Pacific

Pacific Tuna Commission divided on conservation

18:09 pm on 8 December 2016

Conservation and management measures for depleted tuna stocks in the Pacific have polarised the membership of the Pacific Tuna Commission.

Pacific Bluefin Photo: suppled/WWF

The annual meeting of the Western and Central Pacific Fisheries Commission, which brings together Pacific countries and distant water fishing nations, has been going all this week in Nadi, Fiji.

Its executive director Feleti Teo said it was proving extremely difficult to reach a consensus on protecting depleted tuna stocks.

For bigeye tuna the main contention is between longliners, which target adult bigeye tuna, and purse seiners which catch juvenile bigeye tuna, that tend to school with their target species skipjack tuna.

Greenpeace activists prepare to board illegal fishing vessel Shuen De Ching No 888. Photo: Paul Hilton / Greenpeace

This is particularly so when purse seiners set their nets around fish aggregating devices.

Longliners have set catch limits but Feleti Teo says there have been assertions that some countries have not been adhering to them.

Management of the impact of purse seiners on Bigeye is done by banning them from fishing on FADs for several months a year but the effectiveness of this practice is disputed and any increase on banned months has been rejected by small island countries.

A 128kg blue-fin tuna is displayed at Tokyo's Tsukiji fish market. Photo: STR / JIJI PRESS / AFP

With bluefin tuna, the more perilously depeleted of the two stocks, management is exclusively controlled by a sub-group within the Commission called the Northern Committee.

It is made up of countries located above 20 degrees north latitude, essentially Asian member countries, which have been accused of a complete failure to manage the stock.

The Commission itself has come under fire and has been accused of not reining in the distant water fishing nations.

Executive director of the Western and Central Pacific Fisheries Commission Feleti Te'o at the opening of its annual meeting in Fiji, December 2016. Photo: Monica Miller

But Feleti Teo says tuna stocks in the region would be in an even worse state with out the Commission.

"If we didn't have the Commission it would be a free-for-all on the high seas but that has changed now.
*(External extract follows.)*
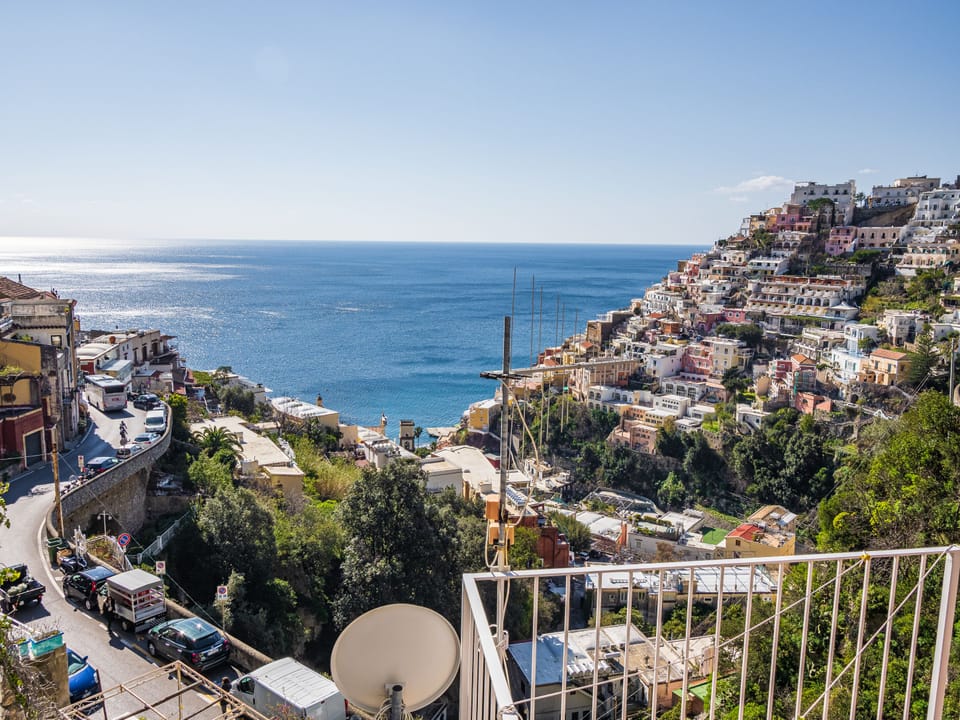 Panoramic House | Water view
And it will continually change as we strengthen and enhance the management measures on the high seas. But it is a difficult platform to get agreement on. We are dealing with 40 countries with totally diverging interests. So it is not an easy task to get agreement," Feleti Teo said

Mr Teo said the Pacific Tuna Commission has actually done very well when compared to other Tuna Commissions around the world but he conceded there was always room for improvement.

The Western and Central Pacific Fisheries Commission wraps up tomorrow.